ACS tries to preserve the lesson without leaking the context.

Where ACS Fits

ACS is useful when an AI agent workflow touches real engineering assets:

production code;
customer-visible pages;
deployment flows;
upstream PRs;
technical articles;
public screenshots;
shared internal knowledge;
multi-agent handoffs.

It is probably too heavy for a one-off toy snippet.

But once a task involves repository state, release risk, public output, or multiple agents, the cost of missing evidence goes up quickly.

That is the boundary where ACS becomes practical.

Contributing Redacted Cases

We are maintaining ACS as an open engineering practice project:

https://github.com/kunpeng-ai-lab/agent-collaboration-sop

The most useful contributions are not abstract opinions. They are redacted cases:

what went wrong;
what evidence caught it;
what the reviewer checked;
what the owner decided;
what rule should be reused next time.

If you are running multi-agent engineering workflows, especially with Codex, Claude Code, OpenClaw, Hermes, or similar tools, this is the kind of operational knowledge worth preserving.
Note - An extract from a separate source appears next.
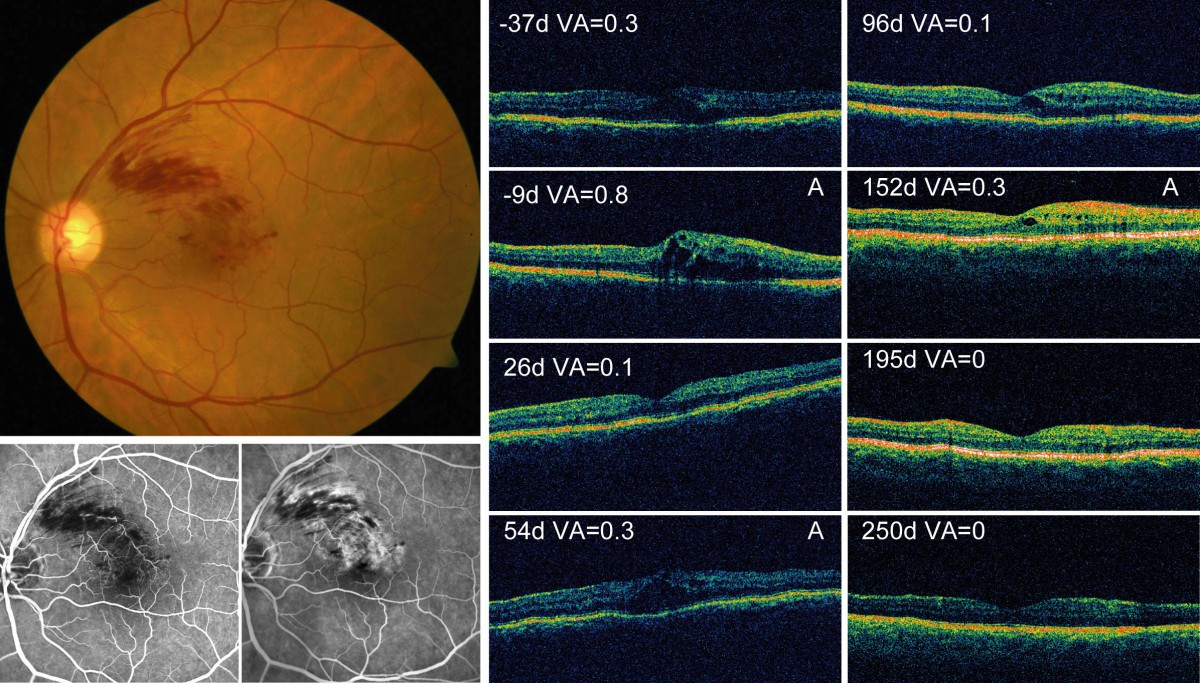 eye test 0.9 Vein Branch Retinal Treatment Macular of induced Occlusion eye test 0.9 Vein Branch Retinal Treatment Macular of induced Occlusion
The Chinese main article and project context are here:

https://kunpeng-ai.com/blog/agent-collaboration-sop-acs-case-library/

ACS is not trying to make agents replace engineering judgment.

It is trying to make agent-assisted engineering reviewable.

Key Takeaways

- A passing test run is useful evidence, but it does not prove the work is ready to ship.
- Chat logs are not durable engineering records. Decisions and verification should land in files.
- A Reviewer Agent should check goal alignment, scope, architecture, tests, screenshots, evidence, redaction, and release risk.
- ACS turns one successful collaboration loop into reusable team memory.

Need another practical guide?

Search for related tools, error messages, setup guides, and engineering notes across the site.

FAQ

Is ACS tied to one AI coding agent?

No. ACS is vendor-neutral. It can be used with Codex, Claude Code, OpenClaw, Hermes, or any agent that can read files, edit code, run commands, write handoffs, and record evidence.

Is ACS too heavy for small tasks?

For a tiny code snippet, yes. For a real repository, deployment, PR, client-visible artifact, or public post, the evidence and review gates usually save more time than they cost.

Do public ACS case studies need to expose real projects?

No. Public case studies should be redacted. Keep the decision path, evidence pattern, blocked risk, and reusable rule. Remove customer names, private repositories, local paths, secrets, private chat logs, and unpublished business information.